**Given data**
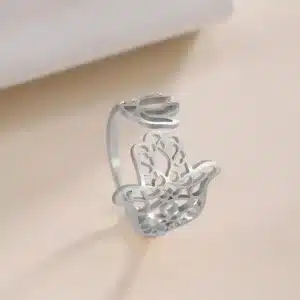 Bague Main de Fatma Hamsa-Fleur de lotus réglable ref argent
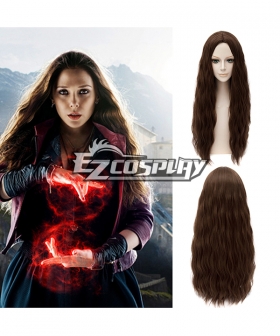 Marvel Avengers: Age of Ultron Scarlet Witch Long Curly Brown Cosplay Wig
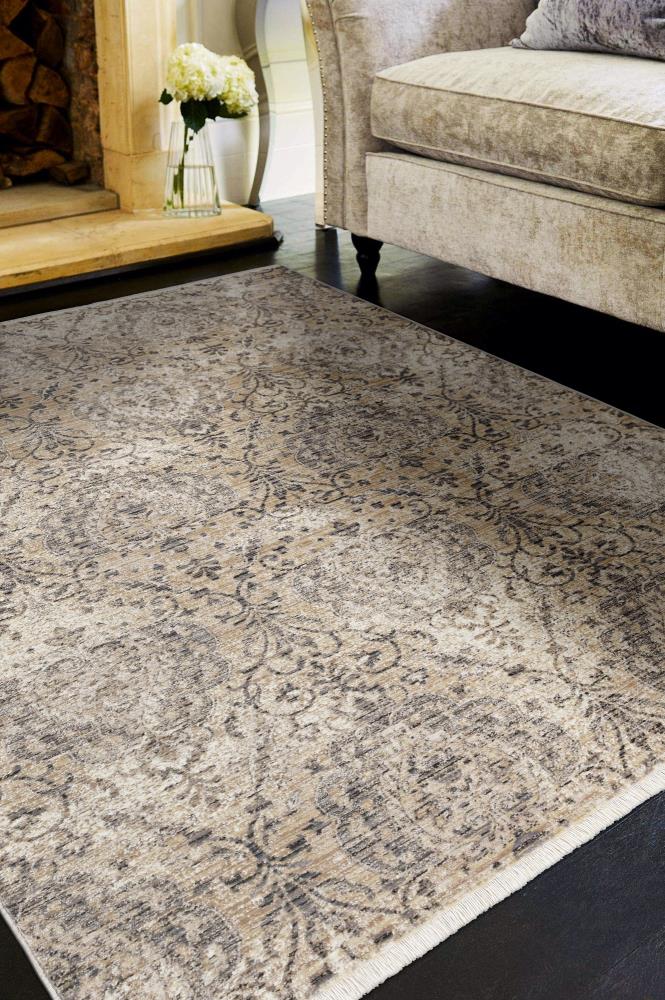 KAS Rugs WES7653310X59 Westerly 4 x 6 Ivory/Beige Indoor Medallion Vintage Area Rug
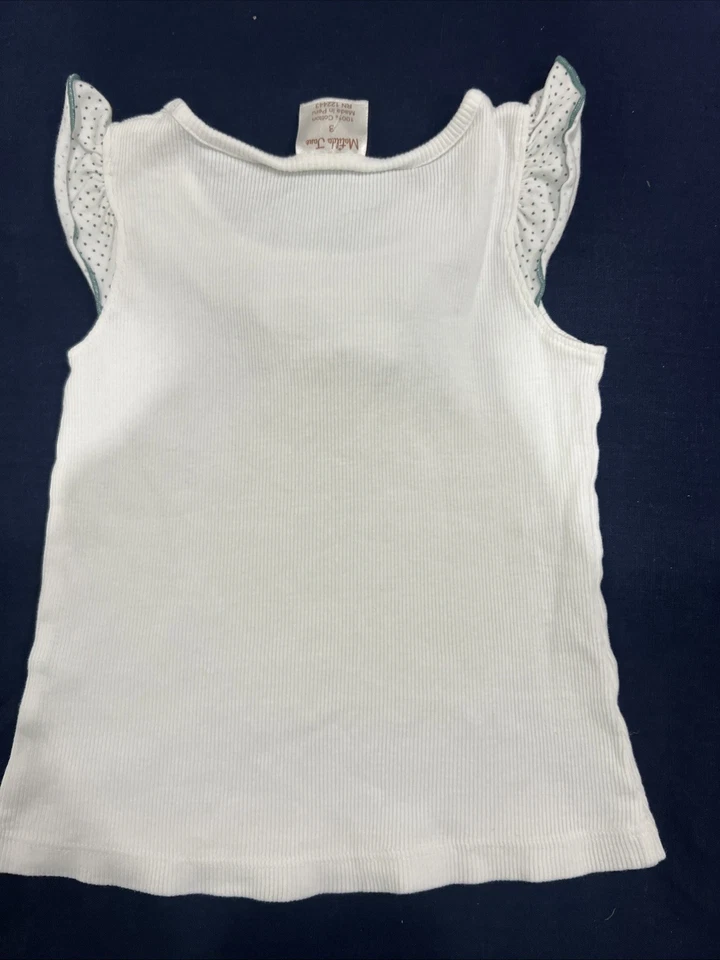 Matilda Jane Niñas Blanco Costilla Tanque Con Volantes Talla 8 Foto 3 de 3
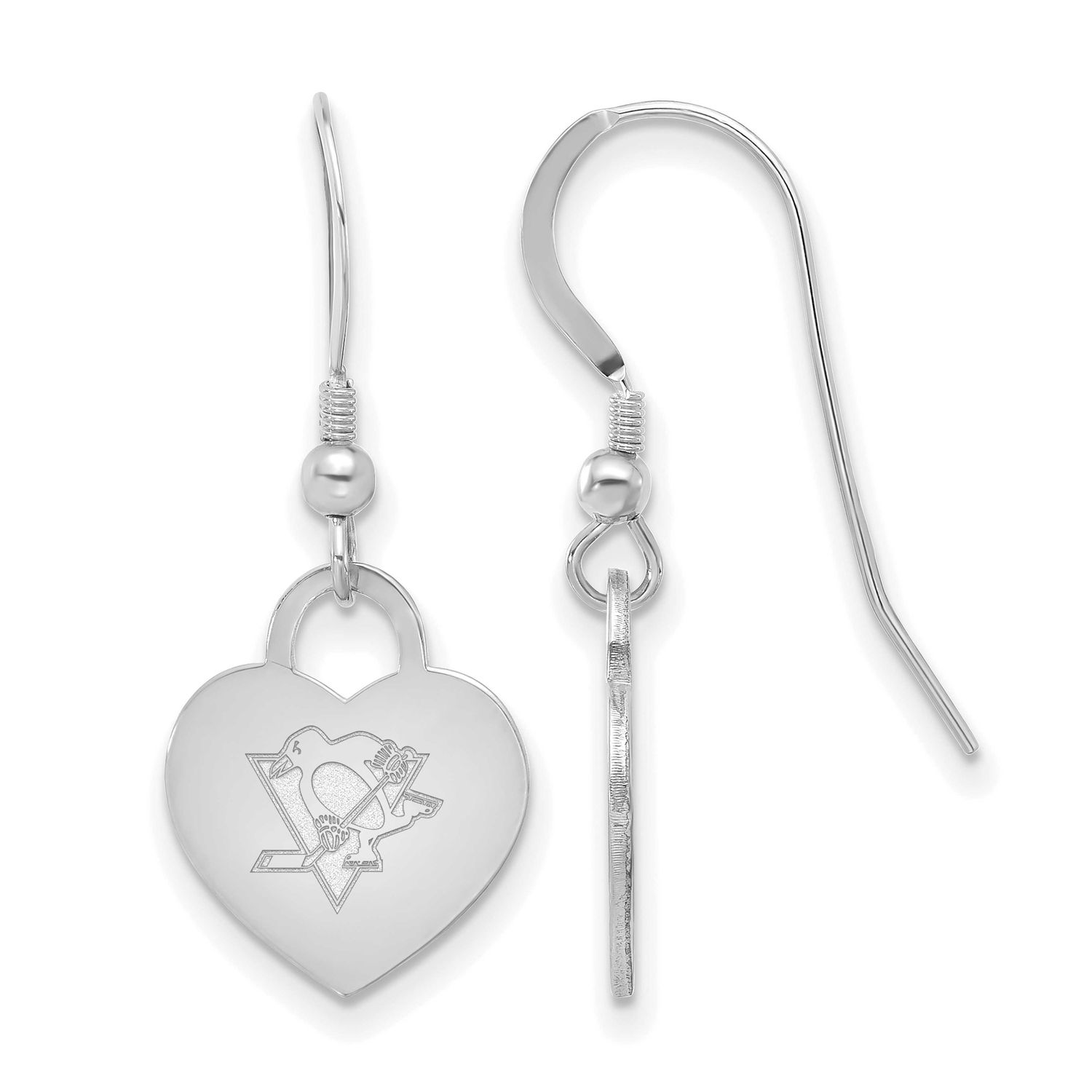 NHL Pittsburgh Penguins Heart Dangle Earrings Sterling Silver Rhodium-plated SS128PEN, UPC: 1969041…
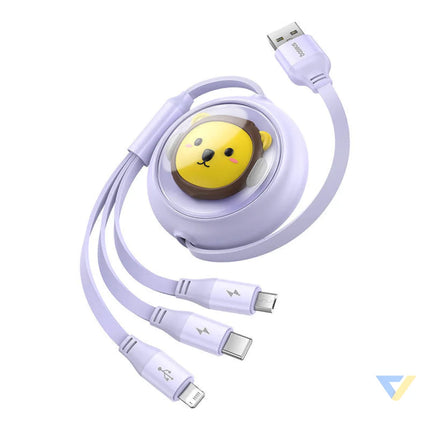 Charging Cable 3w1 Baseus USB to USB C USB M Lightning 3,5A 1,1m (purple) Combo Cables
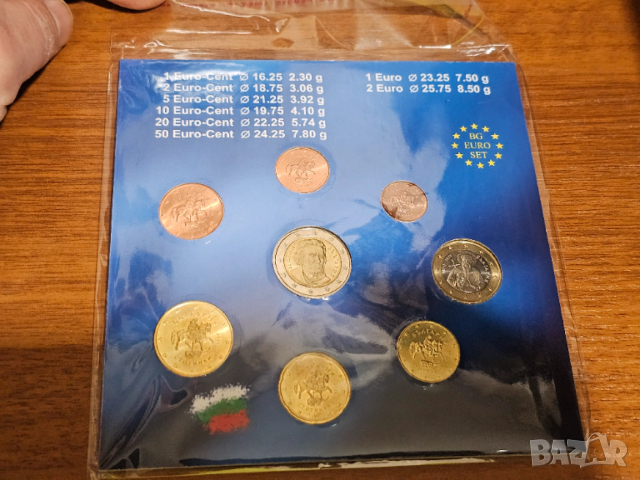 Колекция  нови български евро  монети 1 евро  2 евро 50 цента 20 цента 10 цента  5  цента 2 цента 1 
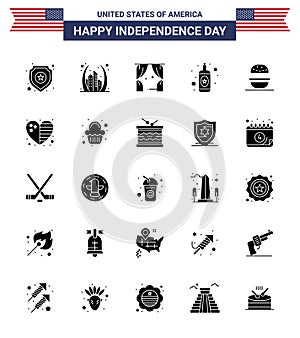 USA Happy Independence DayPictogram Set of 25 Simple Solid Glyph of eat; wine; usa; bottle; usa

**Assigned task**
Nothing in the records should be changed in the copy, but the pictures must be left out.

**Response below**
 Bague Main de Fatma Hamsa-Fleur de lotus réglable ref argent
 Marvel Avengers: Age of Ultron Scarlet Witch Long Curly Brown Cosplay Wig
 KAS Rugs WES7653310X59 Westerly 4 x 6 Ivory/Beige Indoor Medallion Vintage Area Rug
 Matilda Jane Niñas Blanco Costilla Tanque Con Volantes Talla 8 Foto 3 de 3
 NHL Pittsburgh Penguins Heart Dangle Earrings Sterling Silver Rhodium-plated SS128PEN, UPC: 1969041…
 Charging Cable 3w1 Baseus USB to USB C USB M Lightning 3,5A 1,1m (purple) Combo Cables
 Колекция  нови български евро  монети 1 евро  2 евро 50 цента 20 цента 10 цента  5  цента 2 цента 1 
 USA Happy Independence DayPictogram Set of 25 Simple Solid Glyph of eat; wine; usa; bottle; usa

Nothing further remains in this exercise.